In pulsed operation the voltage after one pulse with $N$ bunches and no HOM voltage present before the arrival of the first bunch, is given by

  V_{p,n} = \Delta V_{q,n} \sum^N_{k=1} e^{-kT_b/T_{d,n}+ik\omega_nT_b} = \Delta V_{q,n} \frac{1-e^{-NT_b/T_{d,n}+iN\omega_nT_b}}{1-e^{-T_b/T_{d,n}+i\omega_nT_b}} (5)

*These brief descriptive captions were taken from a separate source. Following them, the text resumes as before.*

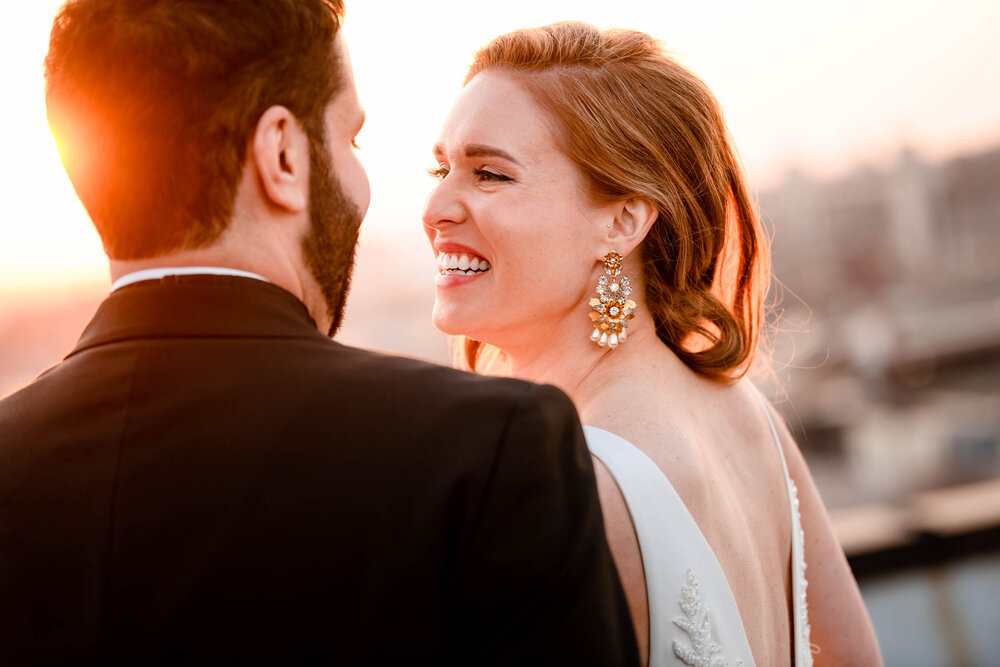 Fun moment with the couple at sunset on the rooftop of the Stockhouse:  Chicago wedding photographs by J. Brown Photography.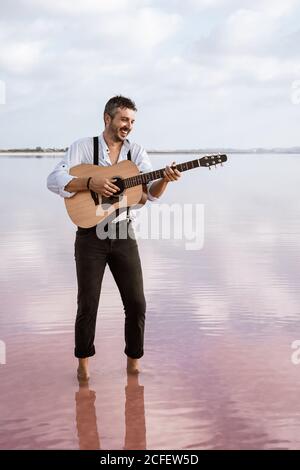 Leidenschaftlicher Mann in weißem Hemd und Hosenträger spielen Gitarre, während Barfuß im Wasser am Ufer am bewölkten Tag stehen Stockfoto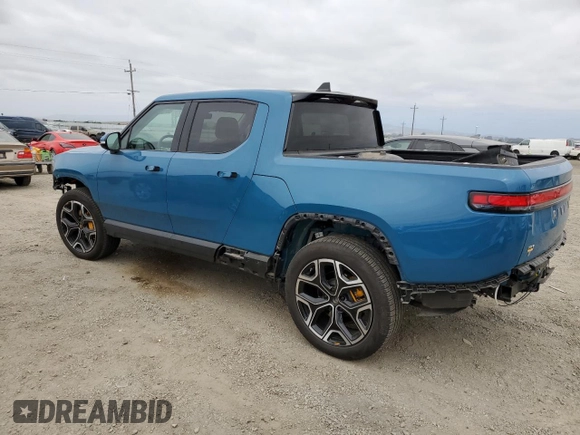 2023 Rivian R1T Launch Edition with VIN 7FCTGAAL7PN019188, listed as a Copart auction lot 55100405 with 13,654 mi miles and Salvage Title. Bid and sale history available at DreamBid. Image 2.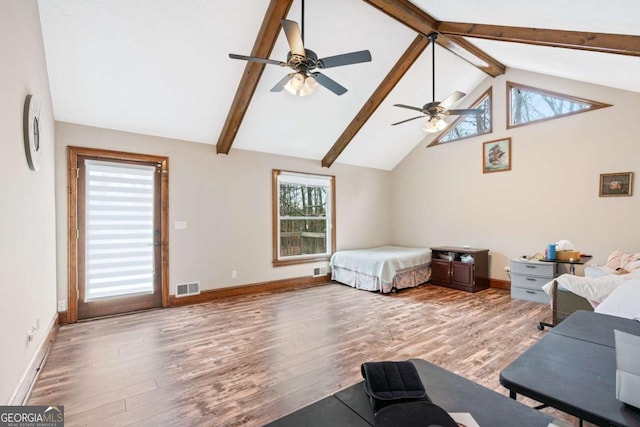 bedroom featuring hardwood / wood-style floors, ceiling fan, and vaulted ceiling with beams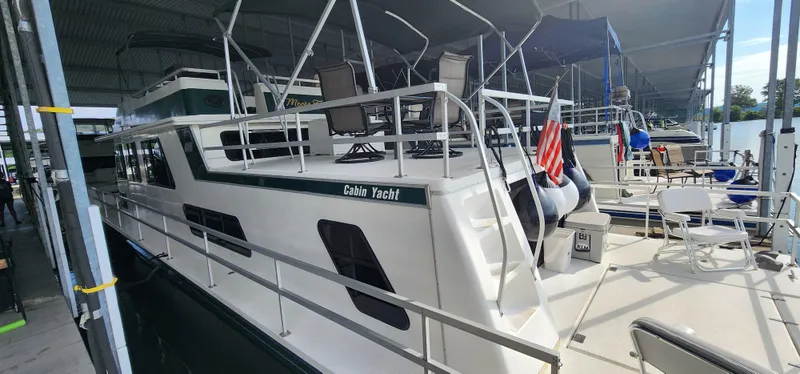Slide: The Image of 1993 Gibson 50 Cabin Yacht docked in a marina, side view. - 4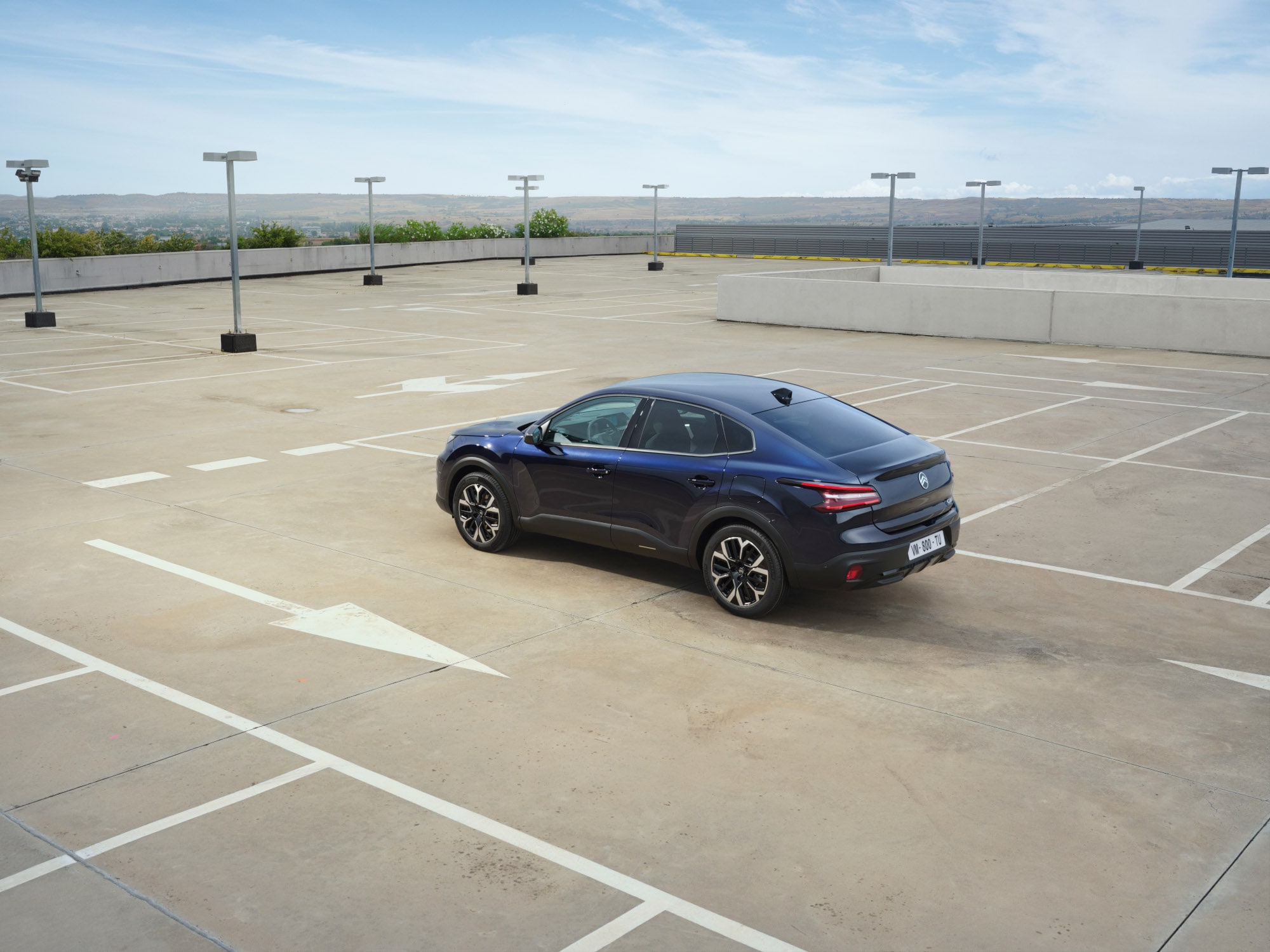 Dreiviertel-Heckansicht des Citroën C4 X auf offenem Dachparkplatz zeigt elegante Fastback-Linien für erschwingliche Mobilität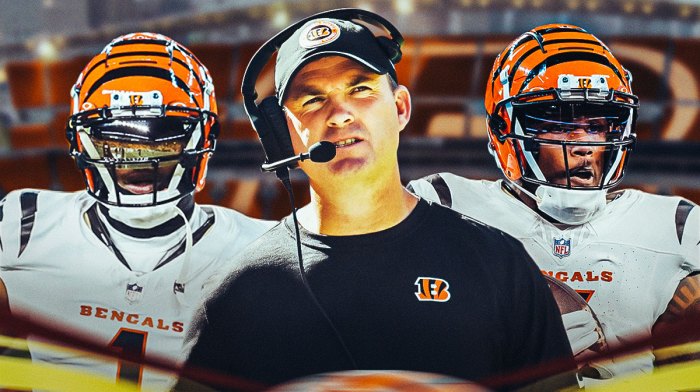 Cincinnati coach Zac Taylor with Ja'Marr Chase in a Bengals uniform and Tee Higgins in a Bengals uniform as the bengals re-signed chase and higgins to new contracts.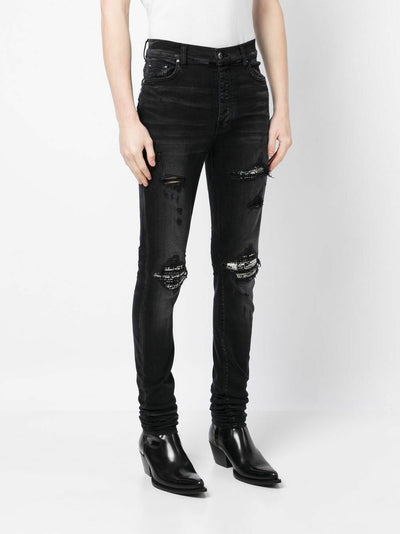 Amiri – Bouclé-MX1-Jeans mit Rissen in Schwarz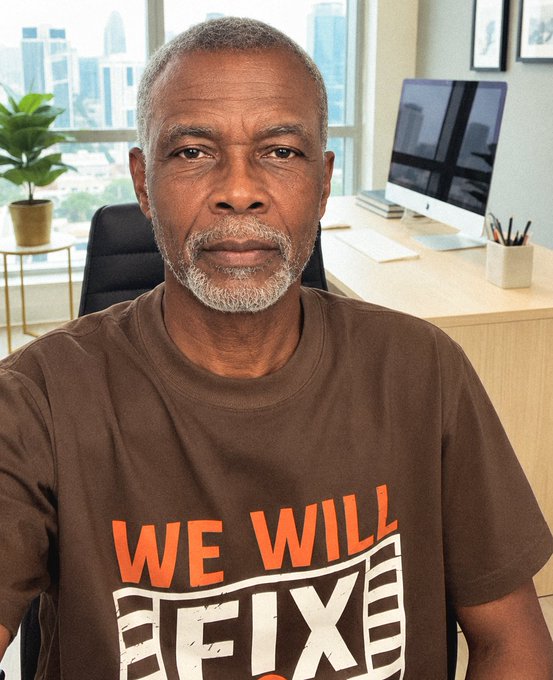 An older man with a gray beard sits in an office setting wearing a brown t-shirt that reads 'WE WILL FIX IT' in orange and white text.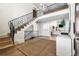 Bright foyer with an arched entryway and an ornamental iron staircase to the second floor at 2500 Van Gordon St, Lakewood, CO 80215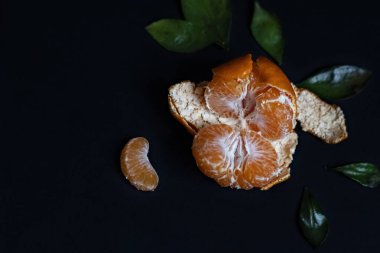 Siyah arka planda yeşil yapraklı taze Mandarin meyvesi.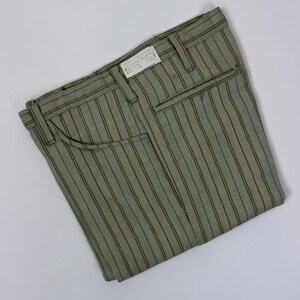 Puede incluir: Pantalones verde oliva doblados con rayas verticales azules y rojas. Los pantalones tienen un diseño clásico con cierre de botón y cremallera, trabillas para el cinturón y bolsillos. Una pequeña etiqueta está adherida a la cintura.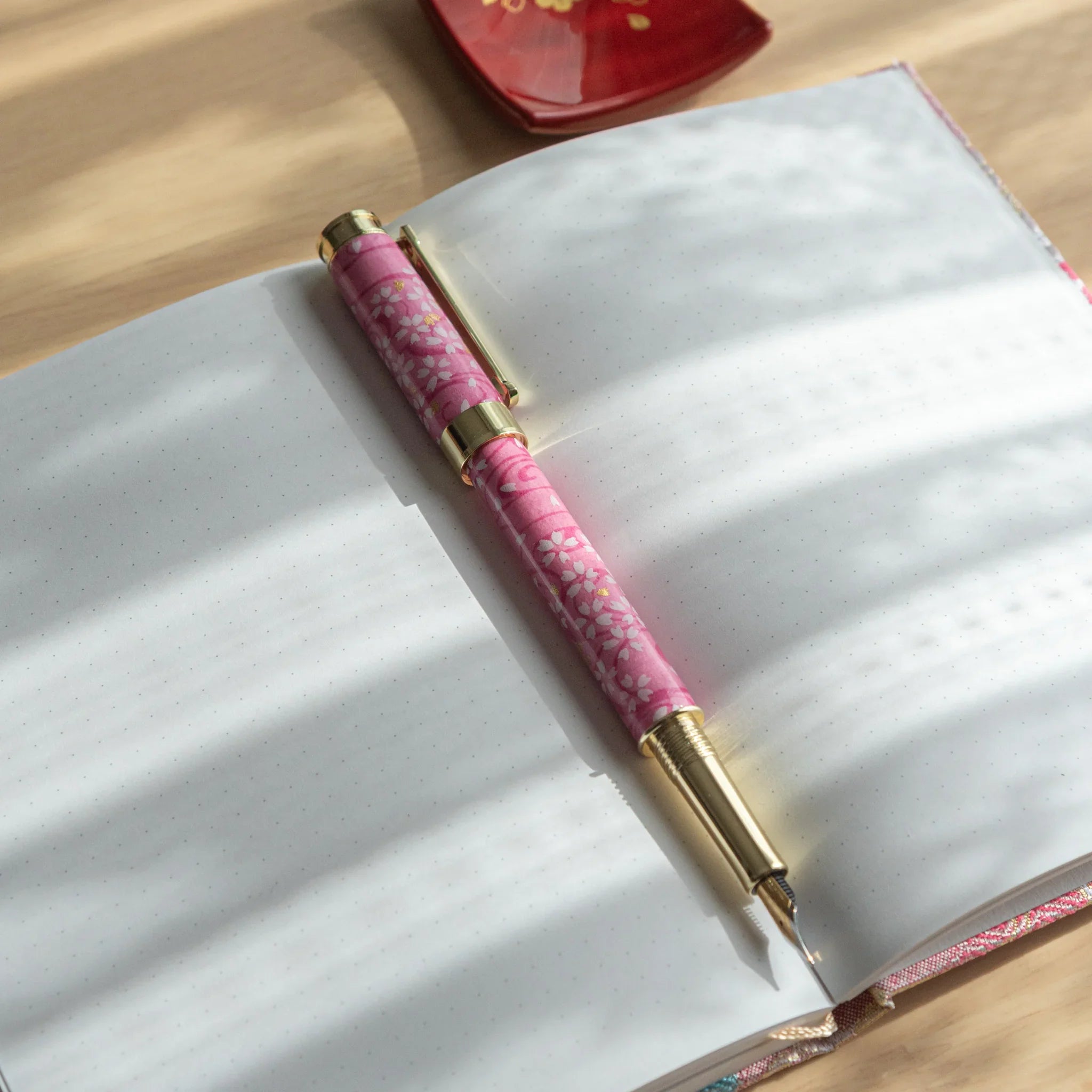 Pink Mino washi Japanese fountain pen with white sakura print resting on an open notebook with dot-grid white pages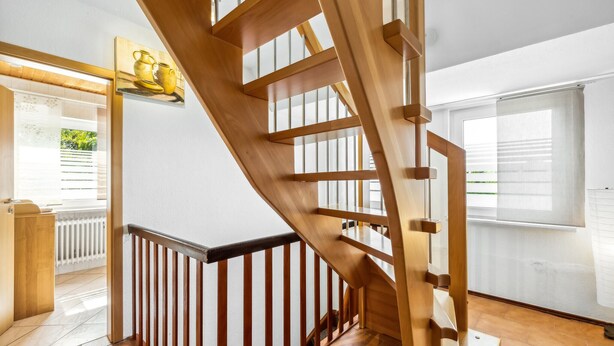 A wooden staircase with a black railing, leading to an upper floor. - Nice home in Tossens with WiFi (Tossens)
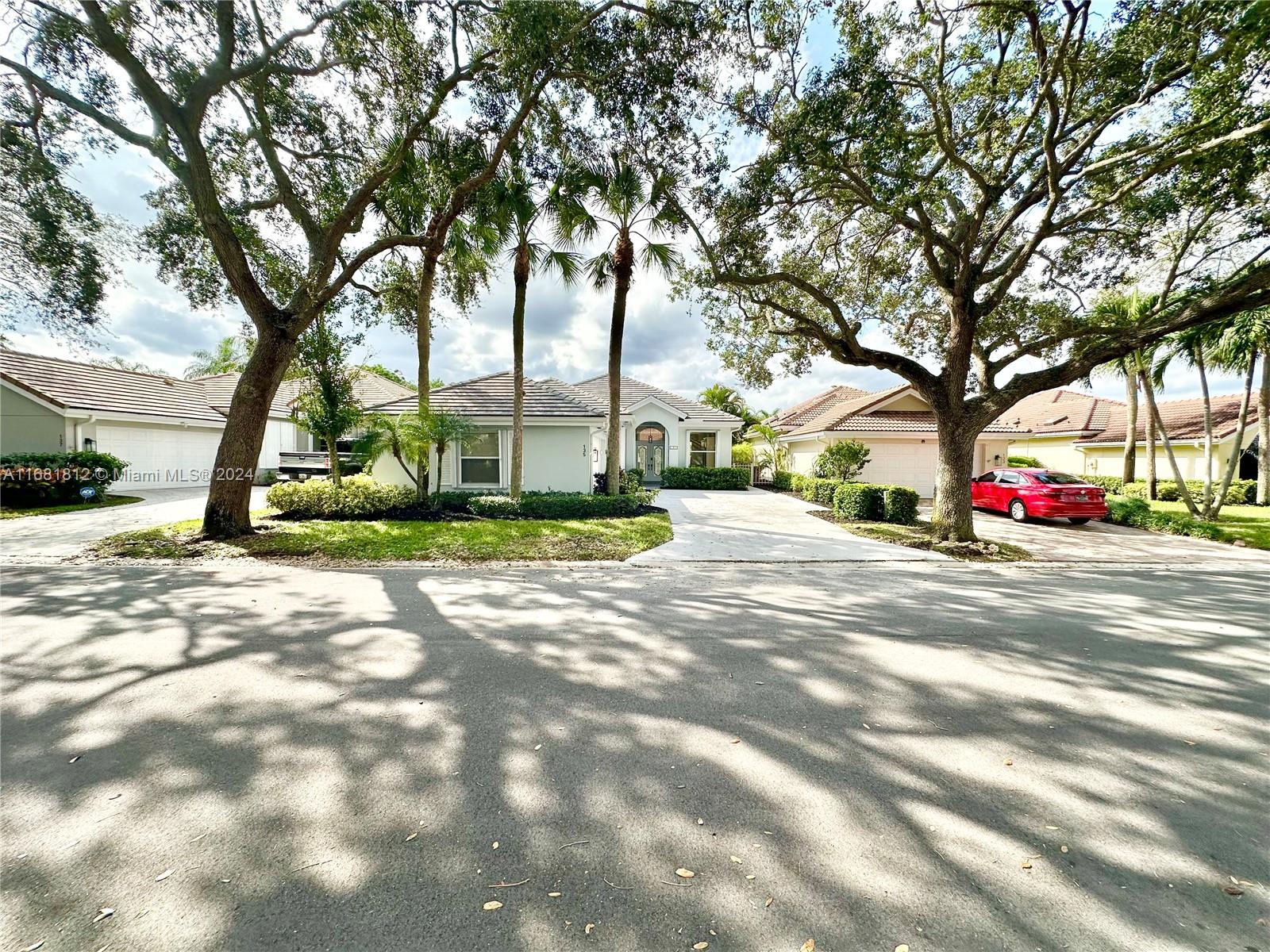 135 Hampton Circle Jupiter, FL 33458 - Photo 1 of 39 EXTERIOR LINED WITH LOVELY OAK TREES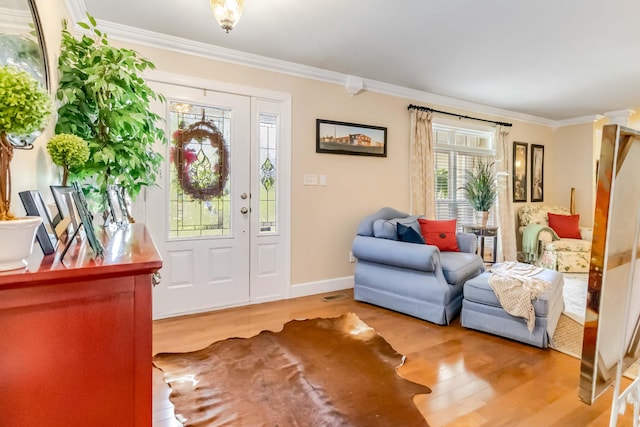entrance foyer with ornamental molding, baseboards, and wood finished floors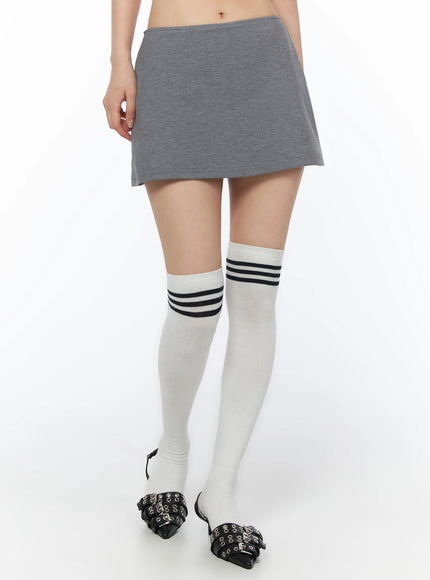 Low-Rise Mini Skort IU525 Gray waist-down front shot on model showing low-rise fit with white over-knee socks with navy triple stripes and black buckle flats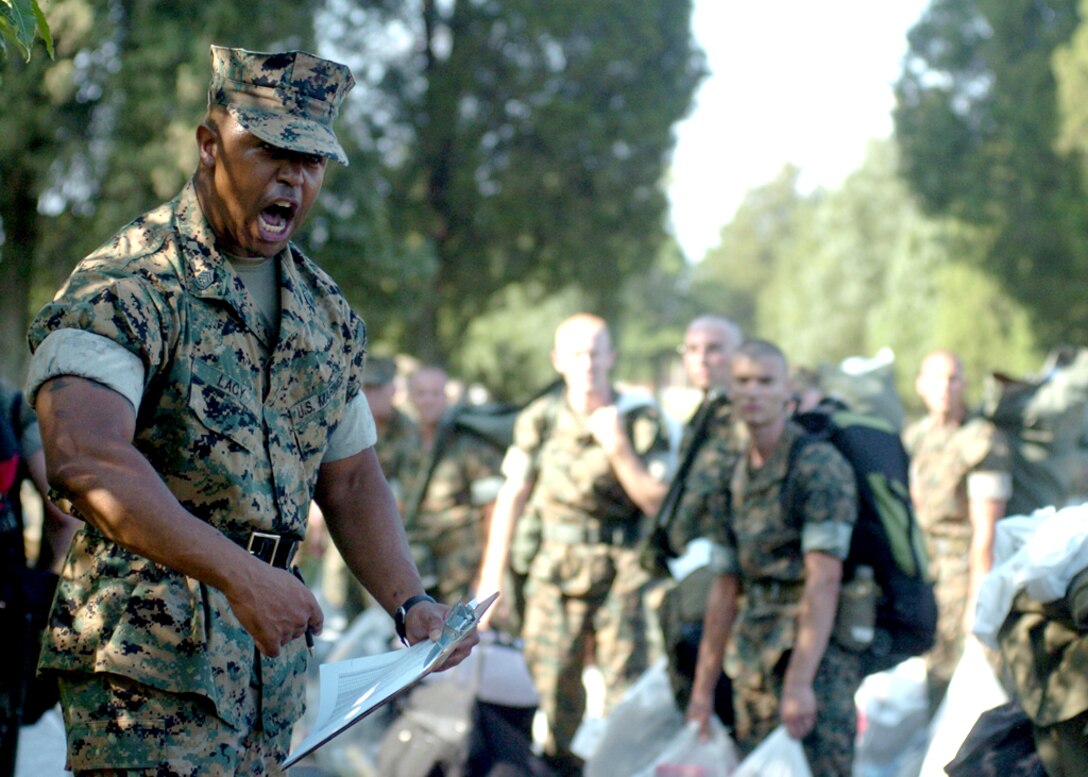 Candidates from Charlie company race about on the parade deck to get themselves situated in platoon formation for pickup with their Sergeant Instructors June 6, 2007. These candidates, upon pickup, will be subject to a contraband search, all of which that are found (such as cell phones, walkmans, etc.) will be confiscated and returned at the end of the training cycle.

where $T_b$ is the time between bunches. After $m$ pulses with pulse period $T_p$, the voltage present in the cavity is given by:

  V^m_{p,n} =  \Delta V_{q,n}  \frac{1-e^{-NT_b/T_{d,n}+iN\omega_nT_b}}{1-e^{-T_b/T_{d,n}+i\omega_nT_b}} \frac{1-e^{-mT_p/T_{d,n}+im\omega_nT_p}}{1-e^{-T_p/T_{d,n}+i\omega_nT_p}} (6)

Monopole Mode Interaction

  dU_n = q(\Re(V_n)\cos(\omega_n dt) - \Im(V_n)\sin(\omega_n dt)) - \frac{1}{2}\Delta V_{q,n} (7)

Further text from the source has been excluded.